Vehicle Controls & Behaviors
Annual PlanUGV-guided Real-time Path Planning for a Vehicle Platoon in Rough Terrains
Project Summary
Principal Investigators
- Constantinos Chamzas (PI), Worchester Polytechnic Institute
- Jing Xiao, Lee Moradi (co-PI), WPI
Students
- Jaskrit Singh, Abhiroop Ajith, Kashif Noori, WPI
Government
- Philip Frederick, Jon Smereka, U.S. Army GVSC
Industry
- Iain Dodds, VI Grade
- Alyssa Scheske, Applied Intuition
Project #1.A122 begins in 2025.
When planning mission routes for a large platoon of soldier-operated vehicles, it is essential to ensure that these routes are efficient, safe, and traversable. However, the lack of prior knowledge about the terrain or potential enemy locations often hinders the ability to pre-plan such paths effectively. In such cases, a reconnaissance Unmanned Ground Vehicle (UGV) can be deployed to scout unknown sections of the planned route. Utilizing an agile UGV for this task minimizes the risks to human soldiers and protects larger, more expensive vehicles by providing critical real-time information about the environment.
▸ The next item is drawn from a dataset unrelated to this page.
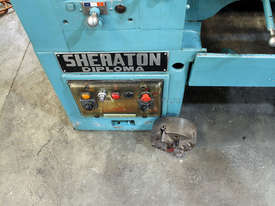 Sheraton Diploma Centre Lathe - picture2' - Click to enlarge
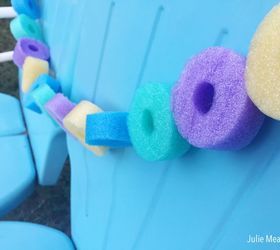 14 Creative DIY Ways To Repurpose Pool Noodles | Hometalk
Currently there is no existing planner for designing routes for large platoons that concurrently can satisfy mission objectives (e.g., spatiotemporal constraints) and are feasible for human drivers and vehicles (e.g., human and kinodynamic constraints). Existing research only addresses isolated subtopics of motion planning, focusing only on spatiotemporal constraints or kinodynamic constraints. Second, the challenge of planning reconnaissance motions for a UGV in realtime remains unexplored in the current literature, as it involves online coverage path planning (CPP) and information gathering of unknown or changing environments to facilitate platoon path planning. Most existing CPP planners are offline for known environments. Real-time path planning for robots in changing environments often overlook critical factors such as 3D terrain characteristics. Finally, leveraging both exteroceptive data (e.g., images, 3D sensors) and proprioceptive data (e.g., IMU, wheel encoders) from one vehicle to update the traversability information for another vehicle is also a novel challenge that has not been addressed in the current literature.
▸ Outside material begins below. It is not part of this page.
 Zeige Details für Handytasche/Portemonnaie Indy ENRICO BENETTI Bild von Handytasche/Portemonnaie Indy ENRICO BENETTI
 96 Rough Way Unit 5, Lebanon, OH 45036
Our Research Objectives are:
- Efficiently generating paths that simultaneously satisfy spatiotemporal and kinodynamic constraints: Develop algorithms to efficiently compute time-parameterized paths for a large platoon of vehicles based on an estimated traversability map and specified geometric/temporal goals (mission objectives). Efficiently handling partial map information to generate multiple potential paths that satisfy the given spatiotemporal and kinodynamic constraints is the primary challenge.
- Plan and Execute Reconnaissance to Validate Planned Paths: Investigate reconnaissance motion planning for the UGV to verify potential paths for the large vehicle platoon. This involves planning and deploying the UGV to gather data to confirm traversability for both the platoon and itself, ensuring safe navigation along proposed paths.
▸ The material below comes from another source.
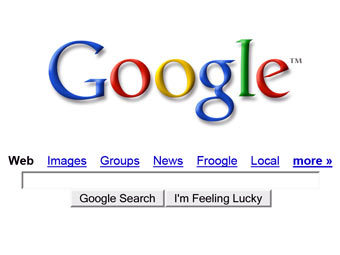 �������� ����� ��������� ������� Google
- Update Estimated Traversability Map from Heterogeneous Data: Explore updating a traversability map using both exteroceptive (images, 3D sensors) and proprioceptive (IMU, wheel encoders) data. Specifically, we’ll address the challenge of integrating data from a different vehicle, e.g., leveraging data from a UGV to estimate traversability for a platoon of soldier-driven vehicles different from the UGV, which have different kinematic constraints.